== Task statement ==
From the records below, copy out exactly the lines from the one containing "fake order FO" to the one containing "Pretty Young Blonde", both included. Add nothing else.

== Records excerpted from a collection ==
------------------------
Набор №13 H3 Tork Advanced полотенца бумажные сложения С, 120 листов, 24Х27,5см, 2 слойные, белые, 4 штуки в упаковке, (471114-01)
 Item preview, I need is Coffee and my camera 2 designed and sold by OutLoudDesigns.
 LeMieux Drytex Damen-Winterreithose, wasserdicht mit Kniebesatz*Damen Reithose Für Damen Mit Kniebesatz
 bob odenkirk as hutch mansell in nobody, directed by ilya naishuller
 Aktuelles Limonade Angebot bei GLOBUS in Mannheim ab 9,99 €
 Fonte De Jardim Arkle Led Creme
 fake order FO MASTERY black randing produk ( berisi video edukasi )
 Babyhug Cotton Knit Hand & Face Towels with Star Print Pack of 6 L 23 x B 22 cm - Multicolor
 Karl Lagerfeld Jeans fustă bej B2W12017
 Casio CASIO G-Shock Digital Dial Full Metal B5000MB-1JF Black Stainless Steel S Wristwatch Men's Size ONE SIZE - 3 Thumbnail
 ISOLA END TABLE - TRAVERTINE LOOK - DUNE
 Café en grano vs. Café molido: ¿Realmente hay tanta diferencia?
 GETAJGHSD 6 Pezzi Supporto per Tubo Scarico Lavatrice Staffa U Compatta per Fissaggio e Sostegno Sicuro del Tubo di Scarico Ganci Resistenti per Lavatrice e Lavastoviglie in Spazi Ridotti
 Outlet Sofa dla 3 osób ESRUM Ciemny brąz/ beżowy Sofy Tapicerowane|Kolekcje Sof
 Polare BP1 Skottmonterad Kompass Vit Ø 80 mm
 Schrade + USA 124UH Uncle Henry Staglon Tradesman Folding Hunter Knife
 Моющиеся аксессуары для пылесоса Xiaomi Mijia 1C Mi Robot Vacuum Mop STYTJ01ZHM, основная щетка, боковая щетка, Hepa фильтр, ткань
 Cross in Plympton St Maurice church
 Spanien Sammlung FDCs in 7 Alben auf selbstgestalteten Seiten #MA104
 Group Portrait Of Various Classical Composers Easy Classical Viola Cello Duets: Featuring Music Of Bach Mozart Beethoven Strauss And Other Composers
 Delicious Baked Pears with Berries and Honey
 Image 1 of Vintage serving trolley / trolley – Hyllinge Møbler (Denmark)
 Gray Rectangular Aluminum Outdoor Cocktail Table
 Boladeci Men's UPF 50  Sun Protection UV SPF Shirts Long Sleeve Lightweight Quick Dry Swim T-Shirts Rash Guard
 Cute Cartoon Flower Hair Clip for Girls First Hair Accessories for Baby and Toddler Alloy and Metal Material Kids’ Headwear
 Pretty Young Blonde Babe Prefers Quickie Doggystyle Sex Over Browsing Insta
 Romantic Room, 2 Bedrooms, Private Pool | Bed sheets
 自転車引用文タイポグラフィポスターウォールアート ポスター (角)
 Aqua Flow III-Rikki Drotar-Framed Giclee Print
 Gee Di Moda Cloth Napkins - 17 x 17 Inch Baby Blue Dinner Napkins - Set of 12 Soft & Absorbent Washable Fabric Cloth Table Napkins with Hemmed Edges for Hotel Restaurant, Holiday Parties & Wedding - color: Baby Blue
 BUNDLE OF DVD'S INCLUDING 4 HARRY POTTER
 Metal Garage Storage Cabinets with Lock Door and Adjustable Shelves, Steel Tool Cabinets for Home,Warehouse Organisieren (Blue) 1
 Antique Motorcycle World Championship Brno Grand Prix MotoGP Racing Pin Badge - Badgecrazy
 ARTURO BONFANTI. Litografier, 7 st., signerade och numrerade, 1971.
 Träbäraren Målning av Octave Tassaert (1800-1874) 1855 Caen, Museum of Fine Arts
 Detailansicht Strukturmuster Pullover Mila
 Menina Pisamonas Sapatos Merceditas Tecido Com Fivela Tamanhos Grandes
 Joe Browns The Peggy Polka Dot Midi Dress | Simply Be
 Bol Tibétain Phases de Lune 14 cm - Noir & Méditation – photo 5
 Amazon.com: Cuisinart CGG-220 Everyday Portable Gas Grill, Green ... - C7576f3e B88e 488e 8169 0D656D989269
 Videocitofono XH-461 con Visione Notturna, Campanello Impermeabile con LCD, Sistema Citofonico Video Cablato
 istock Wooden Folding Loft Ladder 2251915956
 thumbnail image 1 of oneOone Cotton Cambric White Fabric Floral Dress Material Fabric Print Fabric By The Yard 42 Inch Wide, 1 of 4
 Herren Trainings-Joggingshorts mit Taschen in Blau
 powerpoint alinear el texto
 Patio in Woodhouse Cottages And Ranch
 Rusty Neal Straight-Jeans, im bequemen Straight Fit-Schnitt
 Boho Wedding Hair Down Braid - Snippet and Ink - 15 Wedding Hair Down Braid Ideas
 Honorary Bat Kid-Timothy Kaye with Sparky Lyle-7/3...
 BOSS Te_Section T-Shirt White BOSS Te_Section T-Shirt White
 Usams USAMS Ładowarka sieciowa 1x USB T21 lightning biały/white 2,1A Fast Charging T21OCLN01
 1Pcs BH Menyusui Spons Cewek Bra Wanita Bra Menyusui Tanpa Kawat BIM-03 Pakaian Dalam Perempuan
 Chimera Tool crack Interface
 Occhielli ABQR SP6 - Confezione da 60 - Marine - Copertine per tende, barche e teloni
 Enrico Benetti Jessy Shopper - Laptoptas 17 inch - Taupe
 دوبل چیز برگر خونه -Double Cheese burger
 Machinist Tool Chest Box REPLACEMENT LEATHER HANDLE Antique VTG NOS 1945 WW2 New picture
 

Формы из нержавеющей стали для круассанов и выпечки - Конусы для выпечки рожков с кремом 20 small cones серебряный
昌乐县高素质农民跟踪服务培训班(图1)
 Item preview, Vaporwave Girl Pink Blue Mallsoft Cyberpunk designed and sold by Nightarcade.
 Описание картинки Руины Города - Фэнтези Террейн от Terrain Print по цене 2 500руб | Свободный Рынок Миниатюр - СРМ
------------------------
== Solution to this problem ==
 fake order FO MASTERY black randing produk ( berisi video edukasi )
 Babyhug Cotton Knit Hand & Face Towels with Star Print Pack of 6 L 23 x B 22 cm - Multicolor
 Karl Lagerfeld Jeans fustă bej B2W12017
 Casio CASIO G-Shock Digital Dial Full Metal B5000MB-1JF Black Stainless Steel S Wristwatch Men's Size ONE SIZE - 3 Thumbnail
 ISOLA END TABLE - TRAVERTINE LOOK - DUNE
 Café en grano vs. Café molido: ¿Realmente hay tanta diferencia?
 GETAJGHSD 6 Pezzi Supporto per Tubo Scarico Lavatrice Staffa U Compatta per Fissaggio e Sostegno Sicuro del Tubo di Scarico Ganci Resistenti per Lavatrice e Lavastoviglie in Spazi Ridotti
 Outlet Sofa dla 3 osób ESRUM Ciemny brąz/ beżowy Sofy Tapicerowane|Kolekcje Sof
 Polare BP1 Skottmonterad Kompass Vit Ø 80 mm
 Schrade + USA 124UH Uncle Henry Staglon Tradesman Folding Hunter Knife
 Моющиеся аксессуары для пылесоса Xiaomi Mijia 1C Mi Robot Vacuum Mop STYTJ01ZHM, основная щетка, боковая щетка, Hepa фильтр, ткань
 Cross in Plympton St Maurice church
 Spanien Sammlung FDCs in 7 Alben auf selbstgestalteten Seiten #MA104
 Group Portrait Of Various Classical Composers Easy Classical Viola Cello Duets: Featuring Music Of Bach Mozart Beethoven Strauss And Other Composers
 Delicious Baked Pears with Berries and Honey
 Image 1 of Vintage serving trolley / trolley – Hyllinge Møbler (Denmark)
 Gray Rectangular Aluminum Outdoor Cocktail Table
 Boladeci Men's UPF 50  Sun Protection UV SPF Shirts Long Sleeve Lightweight Quick Dry Swim T-Shirts Rash Guard
 Cute Cartoon Flower Hair Clip for Girls First Hair Accessories for Baby and Toddler Alloy and Metal Material Kids’ Headwear
 Pretty Young Blonde Babe Prefers Quickie Doggystyle Sex Over Browsing Insta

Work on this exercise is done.